# Goal of the exercise
The line containing "More Photos Of" marks the start of the required copy, which runs to the final line of the entries; return those lines exactly, without any pictures.

Captioned web images:
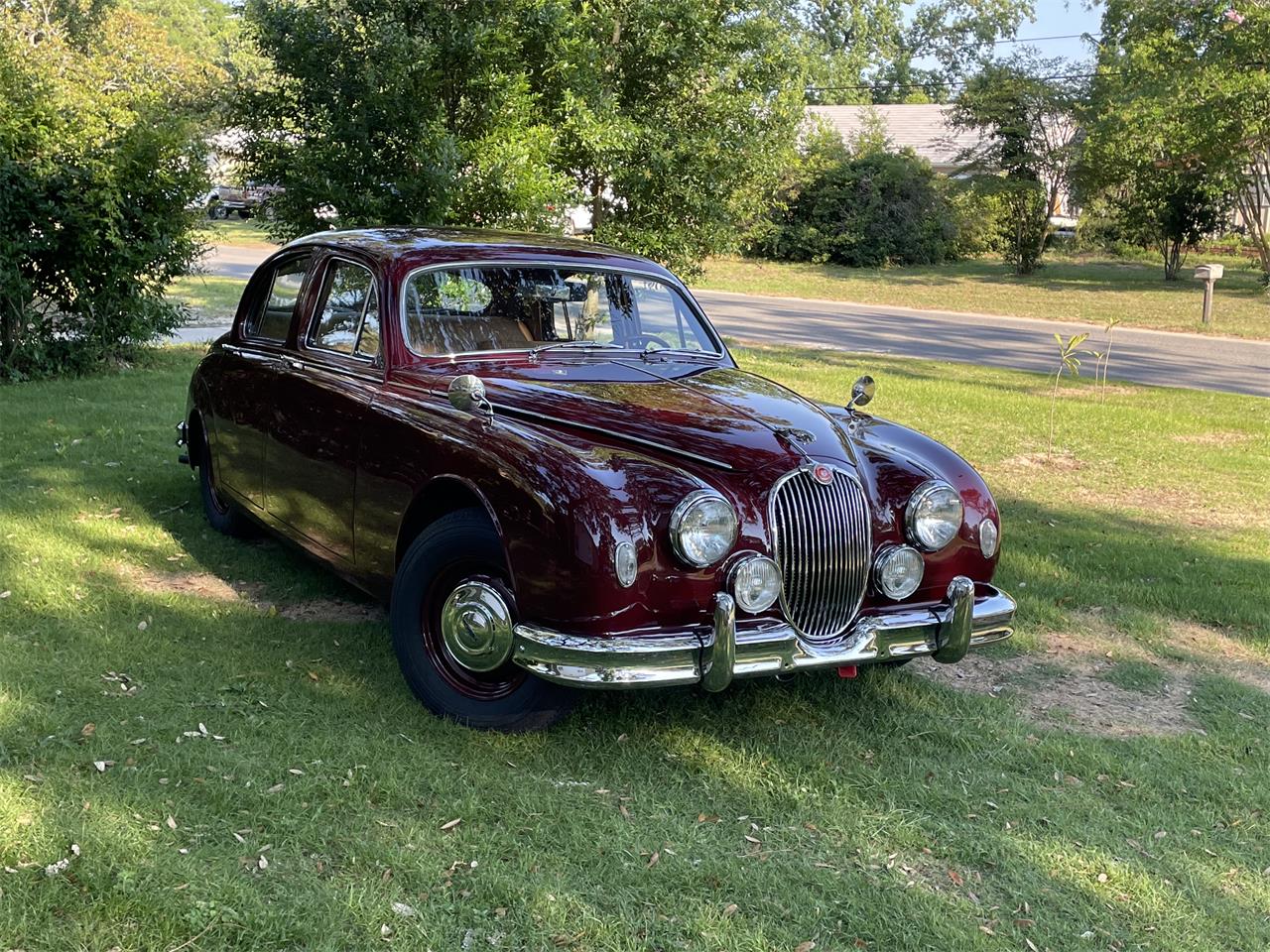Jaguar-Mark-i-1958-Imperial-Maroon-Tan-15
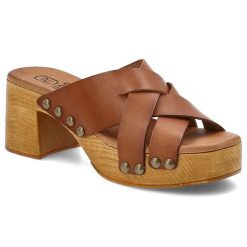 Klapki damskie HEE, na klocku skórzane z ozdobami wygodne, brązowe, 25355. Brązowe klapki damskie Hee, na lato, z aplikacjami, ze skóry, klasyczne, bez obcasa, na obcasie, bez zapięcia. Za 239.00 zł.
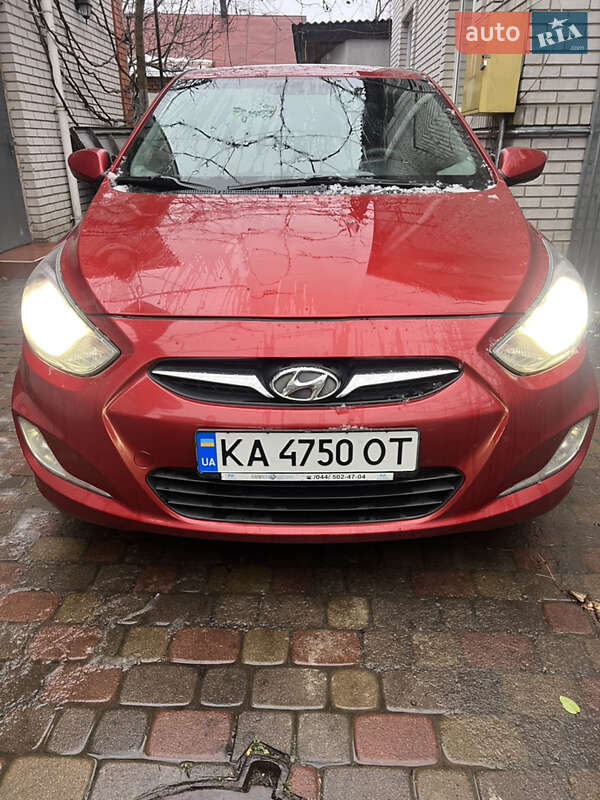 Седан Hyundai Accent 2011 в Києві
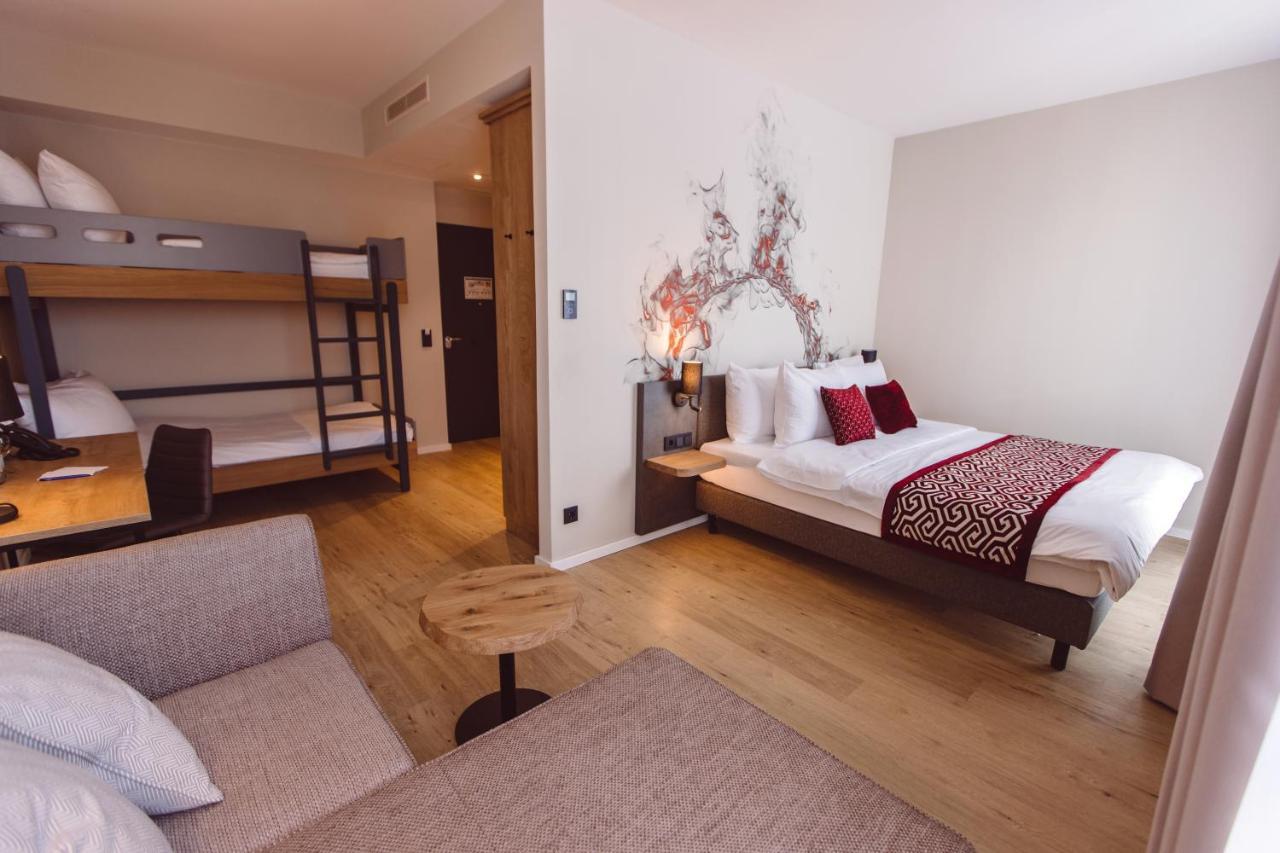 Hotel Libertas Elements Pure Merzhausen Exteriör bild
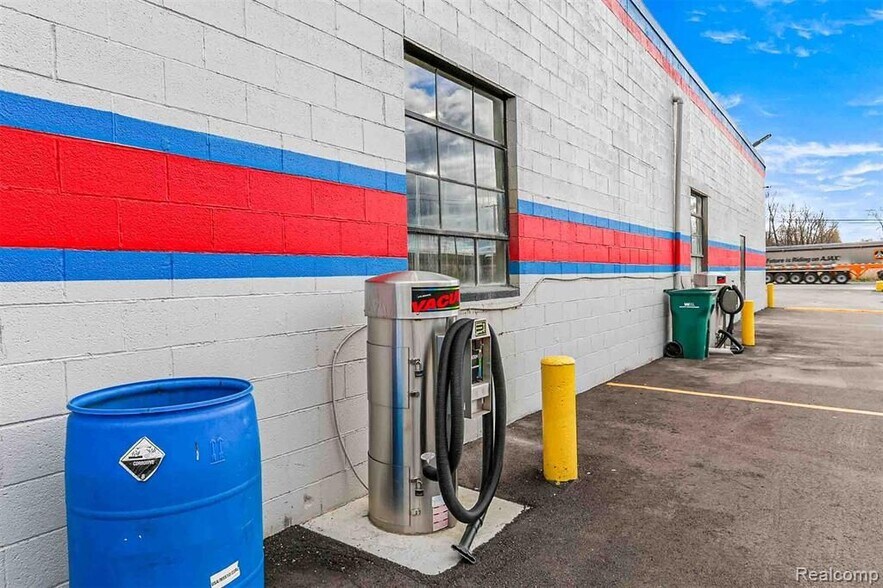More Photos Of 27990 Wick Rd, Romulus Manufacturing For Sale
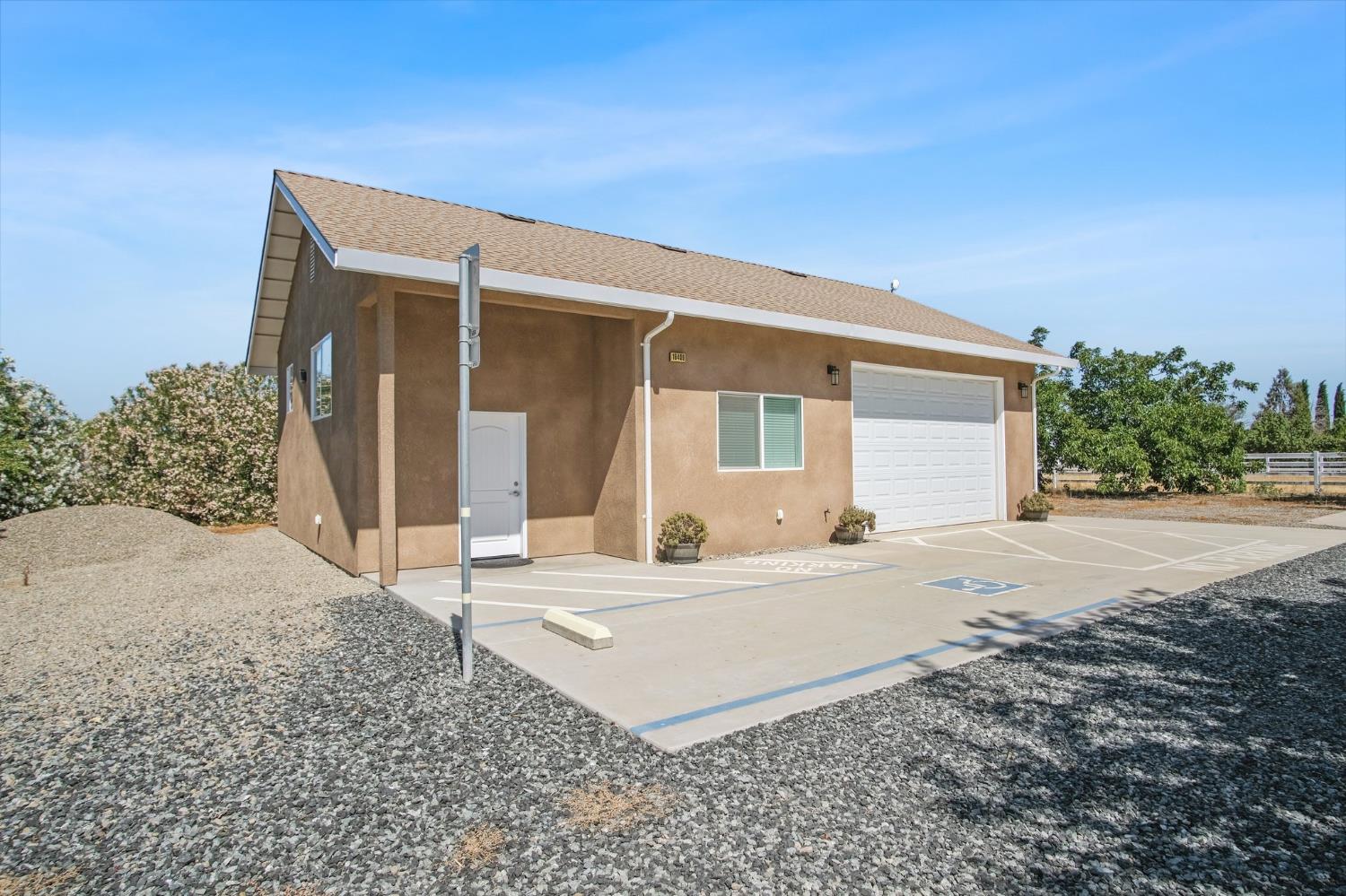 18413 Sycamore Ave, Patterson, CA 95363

# Answer for the task
More Photos Of 27990 Wick Rd, Romulus Manufacturing For Sale
 18413 Sycamore Ave, Patterson, CA 95363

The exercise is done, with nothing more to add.